On Wednesday, Israeli Prime Minister Ehud Olmert said that the peace agreement with Hamas was “fragile and likely to be short-lived.”
Olmert also warned Hamas that this most recent truce was the militant’s group last chance to avoid an Israeli military attack into the Gaza Strip, the territory controlled by the group.
Israeli Defense Minister Ehud Barek told the French newspaper Le Monde that Israel’s bloody history with Hamas made it difficult to predict the outcome to the truce.
“Historically, we are on a collision course with Hamas. But it still makes sense to grasp this opportunity,” he said.

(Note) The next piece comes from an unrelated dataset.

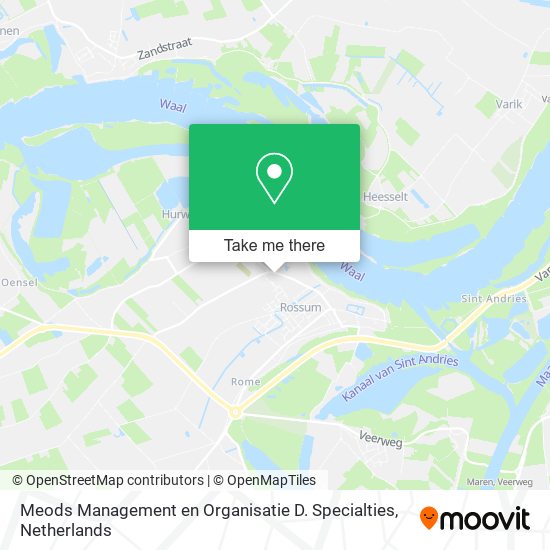 Meods Management en Organisatie D. Specialties map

While Israel, like the U.S. and the European Union, classifies Hamas as a terrorist organization, it has come under increasing international pressure to broker some kind of peace agreement. With the Egyptians as negotiators, Israel’s Security Council agreed to pursue a truce last week.
But Hamas has much to gain from the cessation of hostilities, including relief from the Israeli-led blockade which has limited the amount of necessary supplies that could reach the area; the group also may gain some credibility with the West and a possible reconciliation with President Mahmoud Abbas, who is currently in the midst of a U.S.-sponsored peace negotiations with Olmert.
Israel hopes to halt the constant barrage of mortar and rocket attacks that have killed four Israeli civilians this year and Gaza Strip residents hope to ease the ever-present tension caused by the threat of Israeli military attacks.
“I want to be able to sleep without the sound of shelling or warplanes,” Eman Mahmoud, a 22-year old Gaza university student told the AP. “I am not sure how long it is going to last, but my dream is that this calm will continue.”
This current cease-fire is just one of several diplomatic efforts Israel is currently engaged in. On Wednesday, Israel said it hoped to start direct peace talks with Lebanon, saying all possibilities would be on the table, including the return of a disputed sliver of land Israel holds on their border.
Israel is also in a second round of indirect peace talks with Syria and is very close to brokering a prisoner swap with Hezbollah, the Shiite guerilla group based in Lebanon.